Jackets & Company Campus Store saw that as a missed opportunity. The Montana State University Billings campus store gave their opening buy more publicity, and the results showed. Their Spring 2015 opening buy did 50% more sales than the previous year’s.
Campus Store Director Chad Schreier noted that MSU Billings is a largely non-traditional campus, so hosting an opening wholesale buy was important for the store to help students who missed the opportunity to sell their books at the end of term.
“I know a lot of stores don’t put a ton of emphasis on a wholesale buy, but at the end of the day we’re happy to provide that service to the students who missed out on the regular buy because they either can’t access the online store off campus or are working during the day for that normal buyback,” he says. “That’s the primary reason, and secondarily, the opportunity to pull extra commission in is always welcome.”
In an aggressive message strategy starting two weeks out from the buy, Chad and his staff set up several posters and table tents across campus and in dining halls. The campus store also used regular social media posts and took advantage of the campus flatscreen network, which put notice of the buy into a rotation of slides in high-visibility, high-traffic areas throughout the university.
“When you order the posters and everything that was provided from MBS as part of your buyback package, you shouldn’t have any left over,” Chad says. “That was our goal — to get as much out there of the branded messaging as we have combined with as much digital exposure as possible; that provided us a very good return with that investment.”
Jackets & Co. also took advantage of its strong textbook reservation program enrollment and inserted flyers advertising the opening buy into boxes of reserved books.

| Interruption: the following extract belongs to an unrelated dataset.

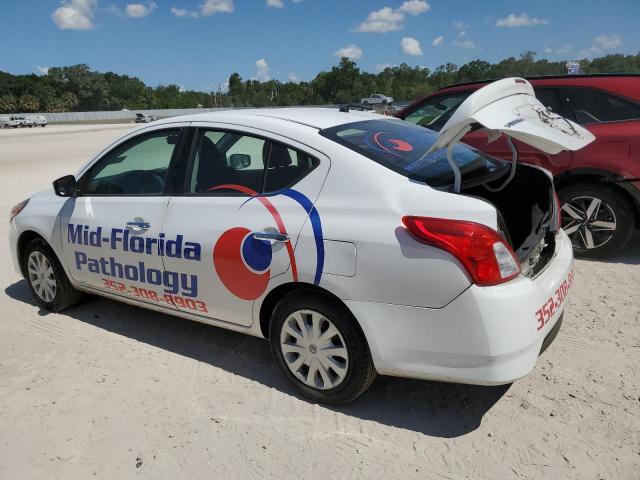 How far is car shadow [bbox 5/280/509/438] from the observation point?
290cm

Chad says the program’s success comes down to “a combination of advertising and location” that campus stores can all enjoy, especially if they take advantage of student staffers to manage social media and help spread advertising.

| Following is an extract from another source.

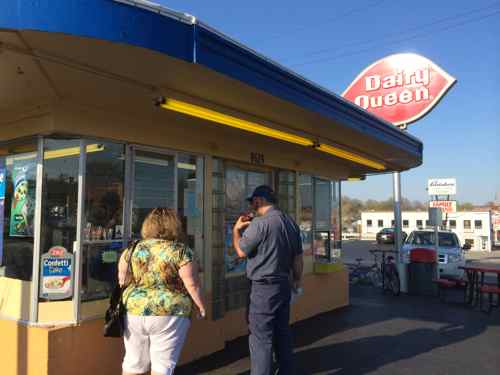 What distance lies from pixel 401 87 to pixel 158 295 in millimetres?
10370

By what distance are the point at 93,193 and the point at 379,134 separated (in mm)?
4133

“Literally everything we did with this buy is something a student employee can do,” he says. “We allowed some of our student managers to own the advertising for this buyback, and it was fun to watch them make sure all the promos went out, and the messaging was done the way we wanted it.
“Don’t let something as simple as a winter buy get away from you because don’t have time to do it, we all have student resources and great op to give student employees some ownership of the store.”